As reações negativas aumentaram, inclusive entre aliados tradicionais de Israel, como a Alemanha, com a decisão anunciada por Benjamin Netanyahu de ocupar os 25% de Gaza ainda sem a presença das forças armadas, o que evidentemente aumentará o sofrimento da população. A hipótese de que o Hamas seja eliminado de vez é mais irrealista. O primeiro-ministro disse que Israel não quer ocupar Gaza indefinidamente, mas não existem opções.
Quem assumirá o território devastado? Qualquer força estrangeira, mesmo árabe, será tratada como inimiga e é quase impossível, no momento, imaginar essa alternativa. O enviado americano Steven Witcoff discute no momento um plano ambicioso: libertação dos reféns, retirada de Israel, desmilitarização dos grupos armados palestinos, exílio dos líderes militares do Hamas e criação de uma autoridade civil para Gaza. As possibilidades de que isso aconteça são quase inexistentes, embora os Estados Unidos sejam o único país que possa tentar uma guinada dessas dimensões.
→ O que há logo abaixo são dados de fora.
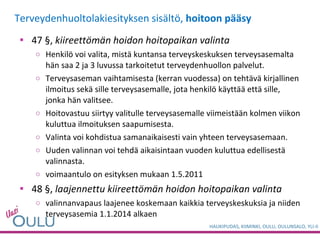 Terveydenhuoltolakiesityksen sisältö,  hoitoon pääsy 47 §,  kiireettömän hoidon hoitopaikan valinta Henkilö voi valita, mistä kuntansa terveyskeskuksen terveysasemalta hän saa 2 ja 3 luvussa tarkoitetut terveydenhuollon palvelut.  Terveysaseman vaihtamisesta (kerran vuodessa) on tehtävä kirjallinen ilmoitus sekä sille terveysasemalle, jota henkilö käyttää että sille, jonka hän valitsee. Hoitovastuu siirtyy valitulle terveysasemalle viimeistään kolmen viikon kuluttua ilmoituksen saapumisesta. Valinta voi kohdistua samanaikaisesti vain yhteen terveysasemaan. Uuden valinnan voi tehdä aikaisintaan vuoden kuluttua edellisestä valinnasta. voimaantulo on esityksen mukaan 1.5.2011 48 §,  laajennettu kiireettömän hoidon hoitopaikan valinta valinnanvapaus laajenee koskemaan kaikkia terveyskeskuksia ja niiden terveysasemia 1.1.2014 alkaen  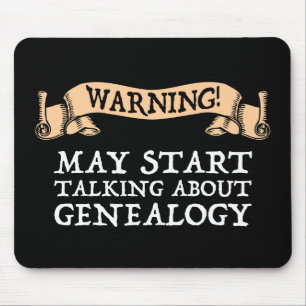 Warnung! Mai beginnen, über Genealogie zu sprechen Mousepad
Quem criou essa situação terrível foi o Hamas, mas Israel não pode se eximir da responsabilidade que tem sobre a população conquistada.
TODOS SAÍMOS PERDENDO
“Eu confio a vocês a Palestina – a joia da coroa do mundo muçulmano. Confio a vocês as crianças enganadas e inocentes, que nunca tiveram tempo para sonhar ou viver com paz e segurança”, escreveu Sharif no seu comovente testamento.
A realidade, no entanto, diz o contrário: a Palestina é uma encrenca da qual muitos dirigentes árabes querem se manter longe. Não podem, evidentemente, abandonar a causa, mas também não podem resolvê-la nem impor um acordo de criação de um estado independente, em troca do qual Israel teria garantias de que um massacre como o de 7 de outubro não se repetiria.
Entre todas as tragédias, também está a de que pessoas talentosas e inspiradas como o jornalista morto, que tanto poderiam contribuir para um estado palestino bem sucedido, abraçam o terror e o exaltam.
Todos nós perdemos com isso.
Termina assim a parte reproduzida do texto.